DIRECTIONS.
Among the entries below, extract exactly the lines that run from the one with "Opel Corsa 1.2" through the one with "AmazonAmanda Amazonamanda - para", both ends included.

GIVEN RECORDS.
┄┄┄┄┄┄┄┄┄┄┄┄┄┄┄┄┄┄┄┄

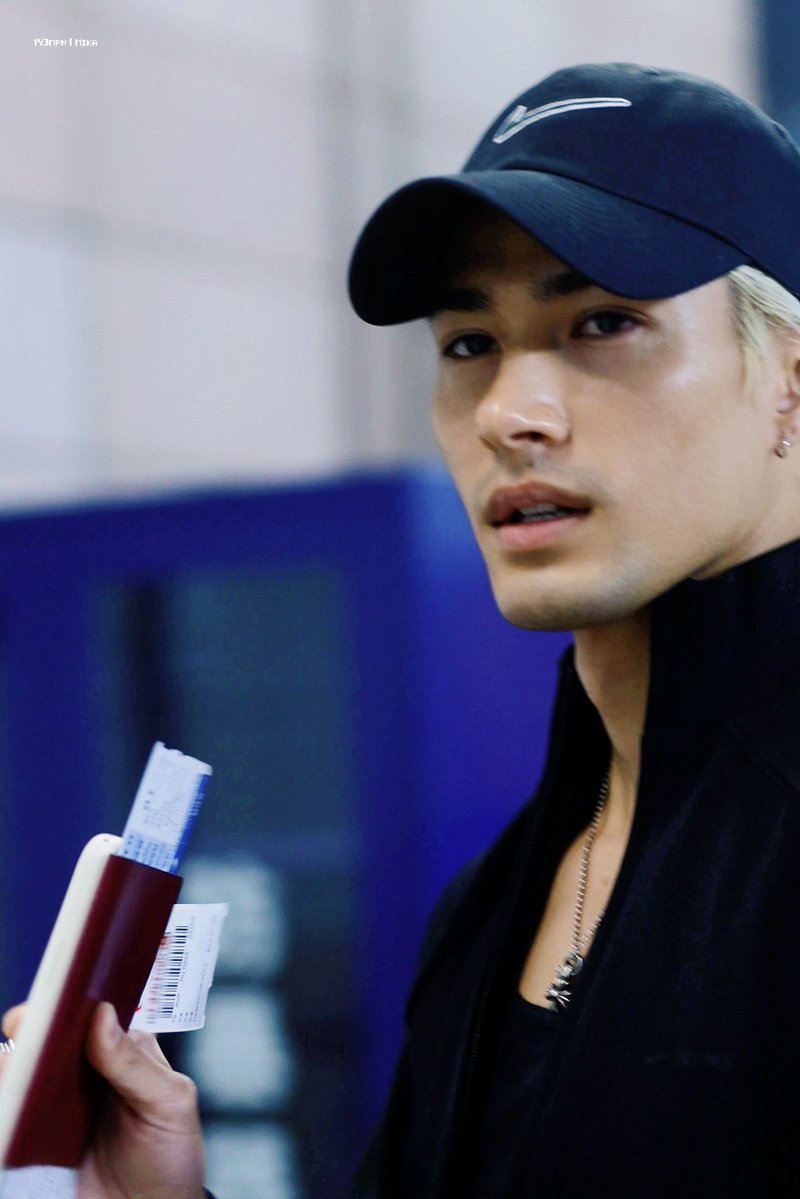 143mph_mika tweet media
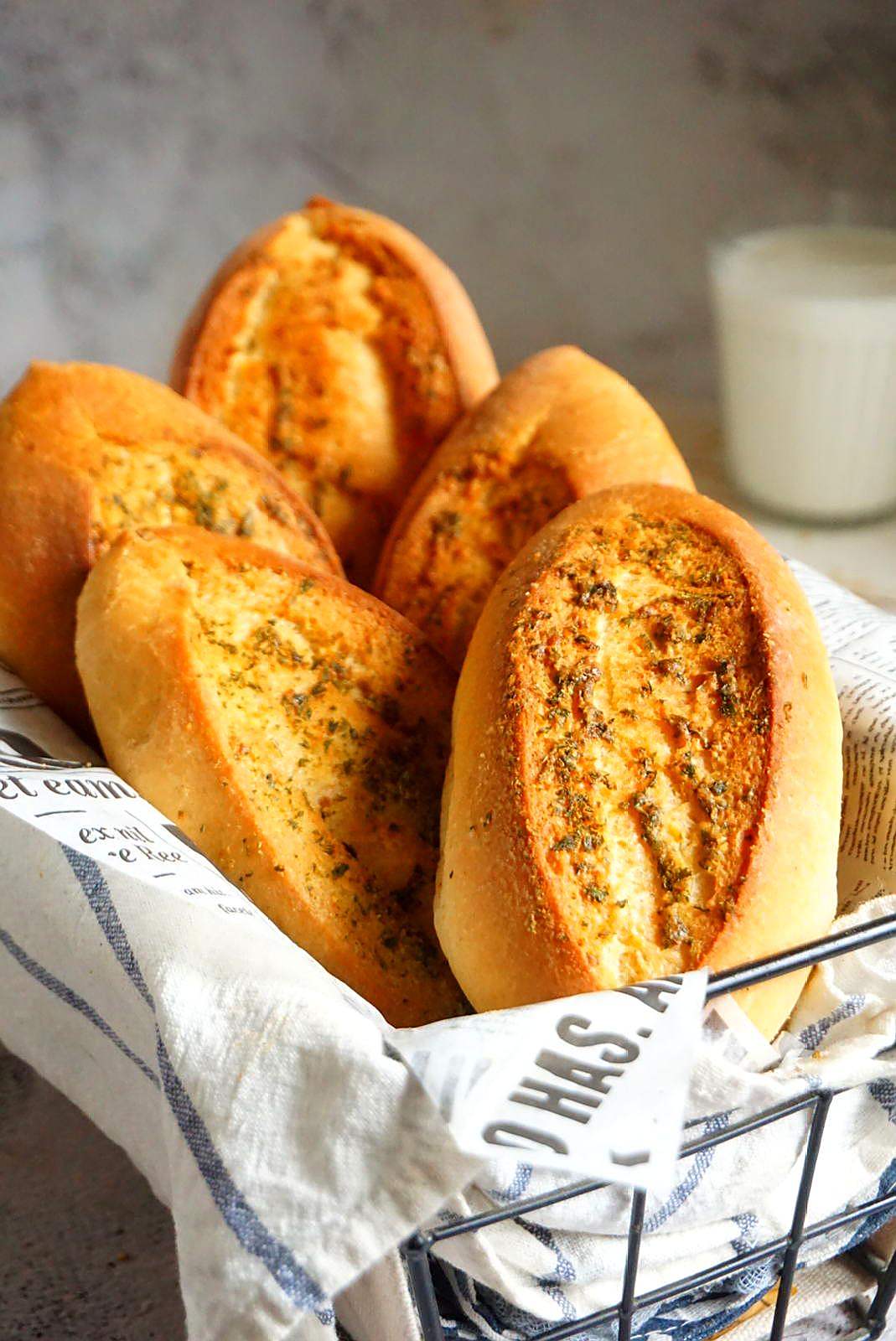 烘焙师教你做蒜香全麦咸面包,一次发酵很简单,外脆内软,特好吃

┄┄┄┄┄┄┄┄┄┄┄┄┄┄┄┄┄┄┄┄

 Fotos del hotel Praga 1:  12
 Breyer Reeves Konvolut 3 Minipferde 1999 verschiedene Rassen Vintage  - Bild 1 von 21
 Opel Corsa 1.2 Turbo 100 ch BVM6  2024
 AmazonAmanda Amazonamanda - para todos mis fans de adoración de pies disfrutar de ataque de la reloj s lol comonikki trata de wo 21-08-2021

┄┄┄┄┄┄┄┄┄┄┄┄┄┄┄┄┄┄┄┄

WRITTEN RESPONSE.
 Opel Corsa 1.2 Turbo 100 ch BVM6  2024
 AmazonAmanda Amazonamanda - para todos mis fans de adoración de pies disfrutar de ataque de la reloj s lol comonikki trata de wo 21-08-2021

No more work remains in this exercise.